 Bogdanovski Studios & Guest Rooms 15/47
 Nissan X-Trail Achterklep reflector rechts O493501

==

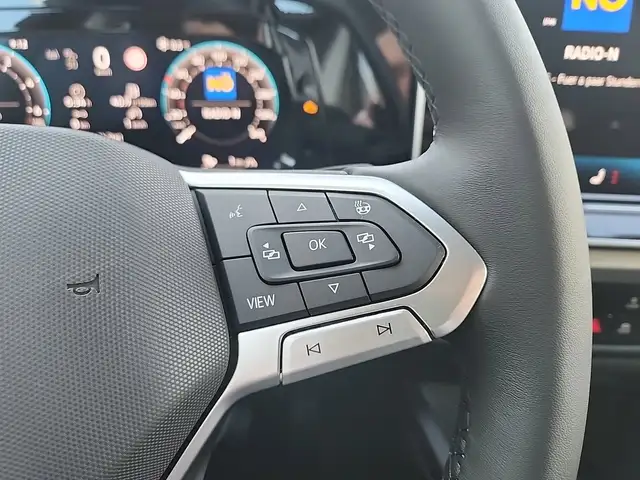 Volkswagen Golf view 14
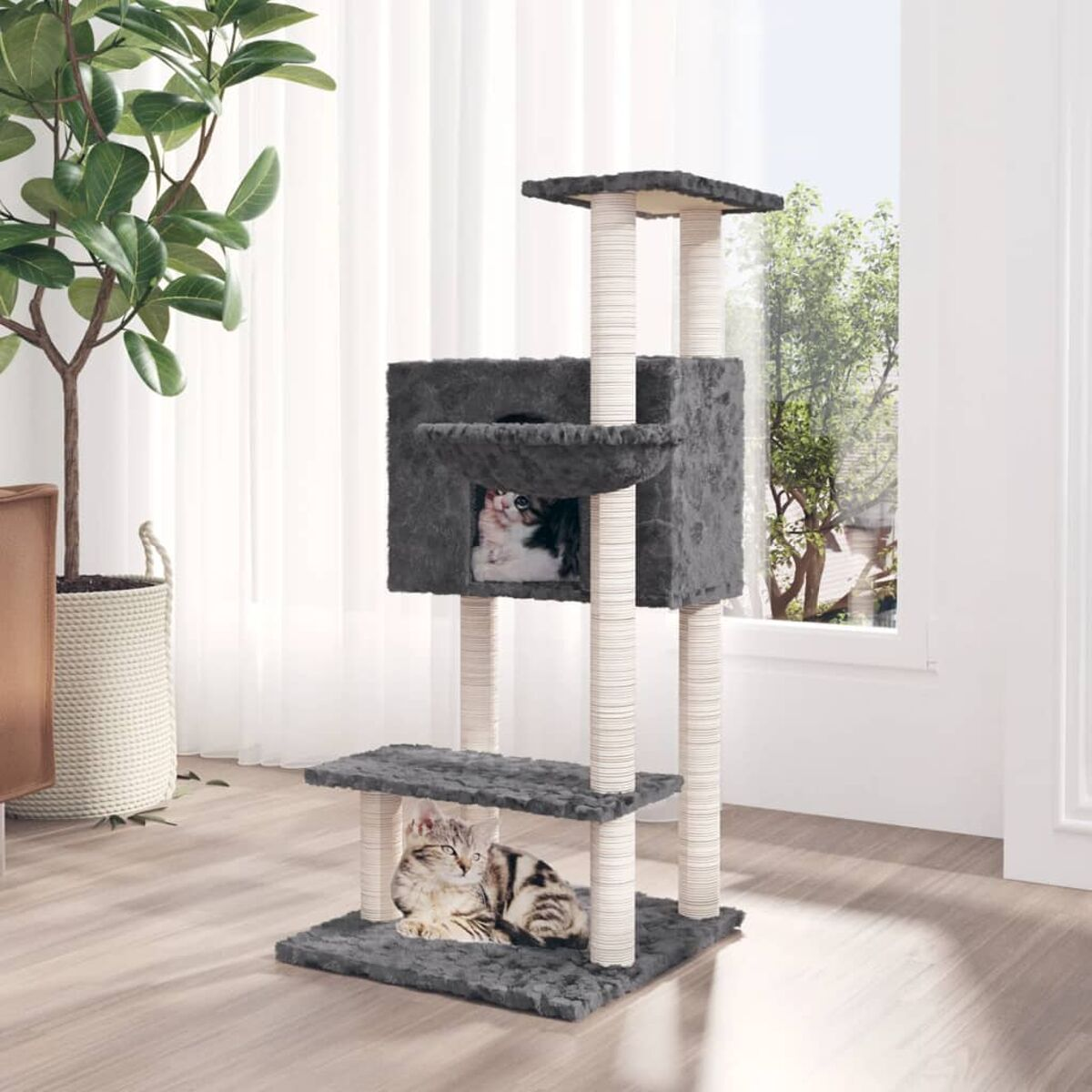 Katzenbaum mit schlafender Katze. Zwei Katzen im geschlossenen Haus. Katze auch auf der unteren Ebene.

● Brief:
The result should be an exact copy of only the lines above from the one that holds "Volkswagen Golf view 14" through the one that holds "Katzenbaum mit schlafender", both ends included, without pictures.

● Output below:
 Volkswagen Golf view 14
 Katzenbaum mit schlafender Katze. Zwei Katzen im geschlossenen Haus. Katze auch auf der unteren Ebene.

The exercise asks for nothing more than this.